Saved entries
————————
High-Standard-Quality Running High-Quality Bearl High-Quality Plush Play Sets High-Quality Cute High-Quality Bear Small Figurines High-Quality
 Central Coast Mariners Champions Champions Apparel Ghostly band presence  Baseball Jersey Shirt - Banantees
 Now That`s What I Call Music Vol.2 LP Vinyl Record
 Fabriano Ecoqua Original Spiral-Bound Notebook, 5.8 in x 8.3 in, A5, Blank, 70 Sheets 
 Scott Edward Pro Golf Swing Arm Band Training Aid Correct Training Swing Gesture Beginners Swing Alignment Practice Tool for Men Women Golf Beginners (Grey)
————————
• **EXERCISE PROMPT**: Quote all of the entries exactly as they appear.

• **RESULT**:
High-Standard-Quality Running High-Quality Bearl High-Quality Plush Play Sets High-Quality Cute High-Quality Bear Small Figurines High-Quality
 Central Coast Mariners Champions Champions Apparel Ghostly band presence  Baseball Jersey Shirt - Banantees
 Now That`s What I Call Music Vol.2 LP Vinyl Record
 Fabriano Ecoqua Original Spiral-Bound Notebook, 5.8 in x 8.3 in, A5, Blank, 70 Sheets 
 Scott Edward Pro Golf Swing Arm Band Training Aid Correct Training Swing Gesture Beginners Swing Alignment Practice Tool for Men Women Golf Beginners (Grey)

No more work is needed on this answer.